Aerospace startup Skyroot Aerospace has become the first Indian private company to successfully test fire an upper-stage rocket engine. The successful test demonstrated the capability of the startup to build a homegrown rocket engine. Skyroot’s engine, named Raman, is 3-D printed, and has fewer moving parts and weighs less than half of conventional rocket engines with a similar capacity.
Multistage rockets can have have as many as 5 stages: the booster stage carries the rocket to the atmosphere, at which point the other stages are deployed. Upper stage engines are used to finally deploy satellites into their exact orbits.
“We demonstrated India’s first 100% 3D-printed bi-propellant liquid rocket engine injector. Compared to traditional manufacturing, this reduced the overall mass by 50%, reduced the total number of components and lead time by 80%,” said Skyroot co-founder and CEO Pawan Kumar Chandana. Skyroot Aerospace has designed in-house software for launch vehicle guidance, navigation, and control functions, and is testing onboard its avionics modules.
You don’t just get up one day and start a space company — Skyroot founders Pawan Kumar Chandana and Naga Bharath Daka were former ISRO scientists. They decided to build a private space company after they saw the draft of the Space Activities Bill in 2017. The draft bill had recommended private firms in space programmes, including building rockets, satellites and launches, both for Indian and foreign customers. “Looking at the draft bill, we quit ISRO to start our own venture,” COO Naga Bharath Daka had said.
Skyroot Aerospace was thus founded in 2018. The startup is heaquartered in Hyderabad, has some some big-name backers — it’s raised Rs. 31.5 crore so far from investors which include CureFit founders Mukesh Bansal and Ankit Nagori. Like SpaceX, Skyroot Aerospace says it “envisions a future where spaceflight is as regular, reliable and affordable as airflight.”
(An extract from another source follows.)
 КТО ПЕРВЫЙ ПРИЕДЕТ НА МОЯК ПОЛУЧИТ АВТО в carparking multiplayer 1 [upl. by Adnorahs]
It’s a bold mission, but one that’s been made possible by recent government moves that have opened up the space industry to the private sector. Along with Skyroot, startups such as Agnikul and Bellatrix are also building small launchers with 3-D printed engines, hoping to bring down the cost of launching satellites and capturing a bigger pie of the global small satellite launch market. Reports suggest that 10,000 small satellites could be launched globally in the next decade, and apart from government bodies of countries like US, Japan and India’s own Antrix, several private firms, such as SpaceX, are also in the fray. Space is emerging as a new frontier, both for nations and for companies, and Indian startups are also throwing their hats into the ring.